-- Opening Marker --

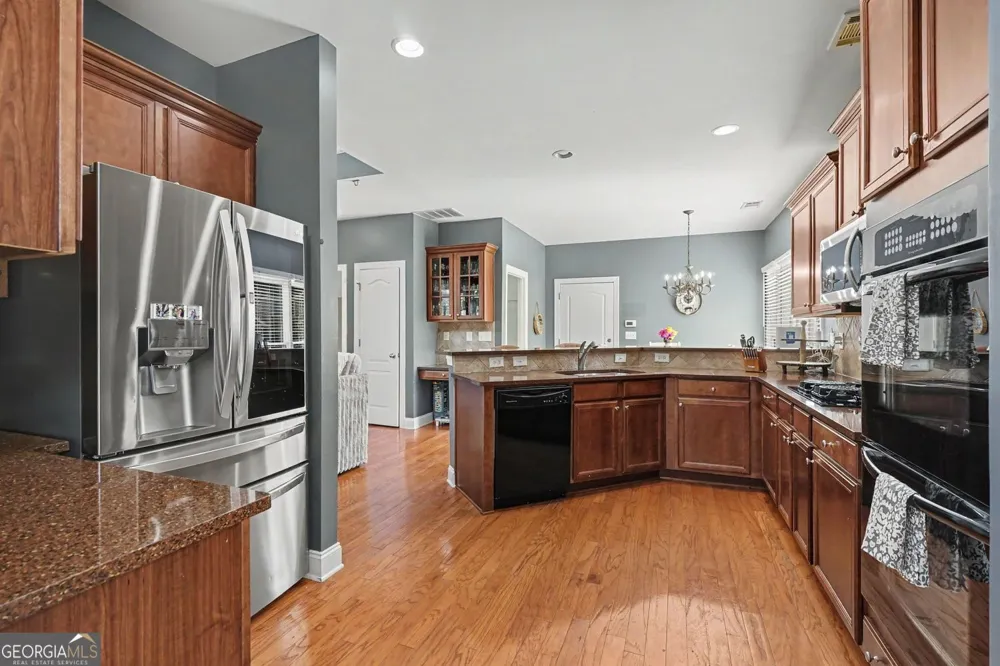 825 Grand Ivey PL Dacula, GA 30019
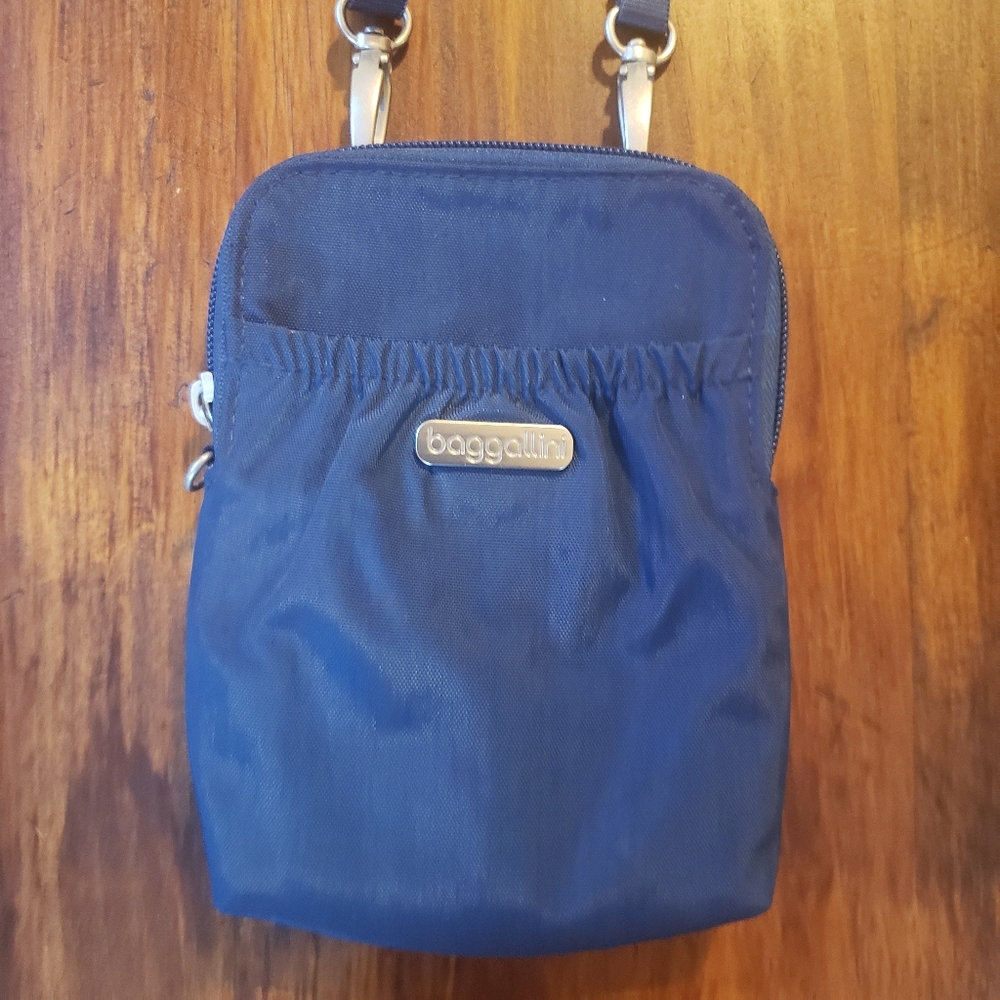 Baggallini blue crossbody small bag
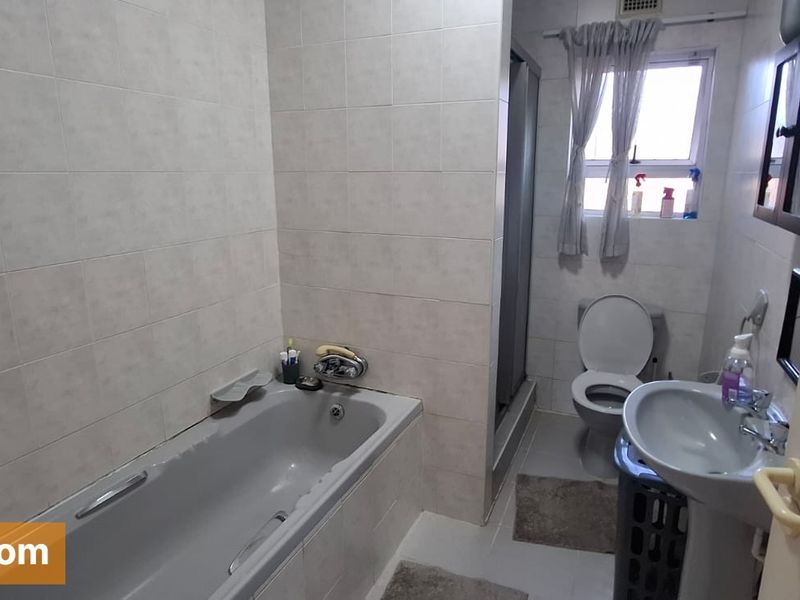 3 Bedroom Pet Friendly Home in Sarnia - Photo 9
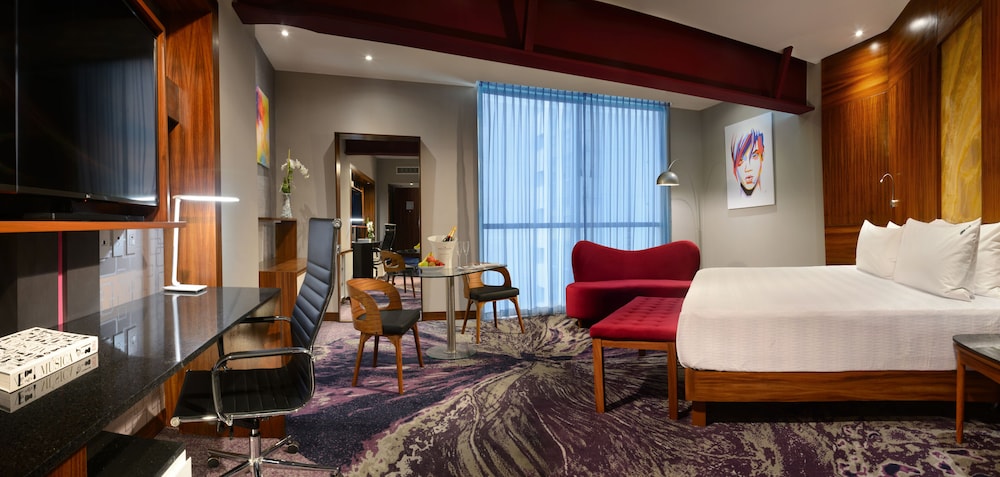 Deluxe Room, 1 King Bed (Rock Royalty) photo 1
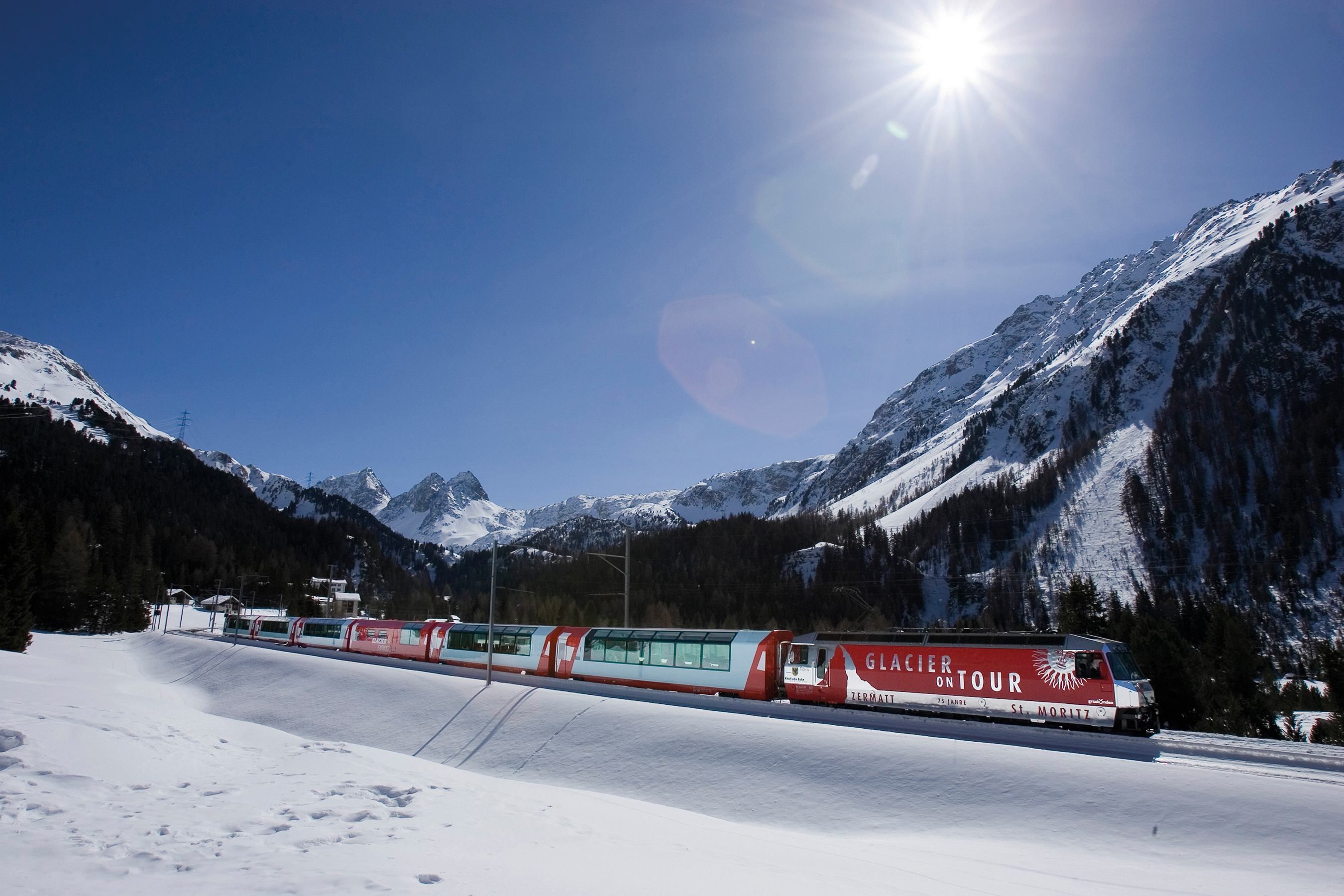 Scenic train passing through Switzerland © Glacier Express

-- Closing Marker --

*What is needed*:
Copy out exactly the lines from the one with "Baggallini blue crossbody small bag" through the end of the listing, both ends included, omitting any picture.

*Output for this task*:
 Baggallini blue crossbody small bag
 3 Bedroom Pet Friendly Home in Sarnia - Photo 9
 Deluxe Room, 1 King Bed (Rock Royalty) photo 1
 Scenic train passing through Switzerland © Glacier Express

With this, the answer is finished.